Paragon Rob: Really? They had no problem with it?
Scooter Ward: No, they did. But I told them I wouldn’t write another song for them, so there’s really nothing they can do.
Steve C: Hypothetical situation 2:
Let's say you're walking down the street in your neighborhood, about to
get yourself a slice or even a sandwich, and some excited teenager
wearing a pair of those new Nike Pigeon sneakers runs up to you and
says, "Dude! I just downloaded
A Different Kind of Pain!
You guys rule!" How are you going to react to this kid, who judging
from his footwear, can obviously afford to buy your CD, which hasn't
even been released yet?
Scooter Ward: That happened to me
the other night, actually. Not a kid, but a grown man, pulling up in a
Lexus. He was like, “Yeah, I started downloading you guys like 3 years
ago, love you, you’re like my favorite band!” So I told him and his
wife a little piece of my mind. It’s just not cool. I mean, if you love
the record, and you download it, that’s cool, and I understand that
people do it all the time, but I spent a year and a half of my life
boxed up in a room trying to make this record. I have two little girls
to take care of. You should at least give me the respect to buy the
record for $10.
Paragon Rob: Yeah, there are too many people that do that out there.
Scooter Ward: Yeah, it’s crazy.
People that have money and they still do it, because it’s accessible,
and it’s easy to do, they don’t have to worry about going to the store.
I’ve never done that. If I do download, I respect other artists, so
I’ll still buy their stuff if I like it.
Paragon Rob: From my personal
standpoint, I’m surprised that people that download everything, either
are stupid enough, or gutsy enough, to go up to someone like you and
openly admit they just ripped you off.
Scooter Ward: Yeah, when he did that, his wife’s eyes rolled like, “Oh my God, I can’t believe you just said that to him!”
Paragon Rob: It’s like a compliment and a smack in the face at the same time.

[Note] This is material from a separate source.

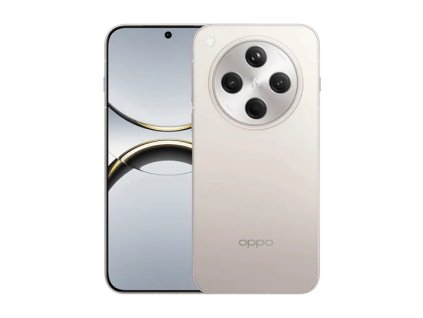 Oppo Find X8 5G Dual Sim 16GB RAM 512GB - Grey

Scooter Ward: Yeah, exactly.
Stupidity, I would say. Normally, when people tell me that, they seem
like the big jock guys, you know what I mean? I don’t think these guys
even have a clue as to what the hell is going on.
Steve C: If I were to rummage through the
porn collection on the Cold tour bus, what titles, or what types of videos, would I find?
Scooter Ward: We get the
Playboy channel, so that’s all. We get it on satellite. I don’t think we have any
DVDs at all, because we do have kids on the bus all the time, coming to hang out, our families and stuff like that.
Steve C: Describe, if you would be so kind, the perfect sandwich.
Scooter Ward: Barbeque pork
sandwiches are awesome. I like Rubens too. I think that’s probably the
most ate sandwich on our bus. Everywhere we go, we’re always like,
“They got Rubens? Oh God, get six!”
(Oh man... I just had me a Ruben the other day. Sooo tasty... *drool*- SC)
Paragon Rob: Do you prefer pulled pork, or brisket?
Scooter Ward: Pulled pork, definitely.
Paragon Rob: Just wanted to know if you have any plugs or anything you’d like to say to our readers?
Scooter Ward: If you haven’t heard
Cold and you have some problems in your life, sometimes our music helps
people, and it’s possible it could you too.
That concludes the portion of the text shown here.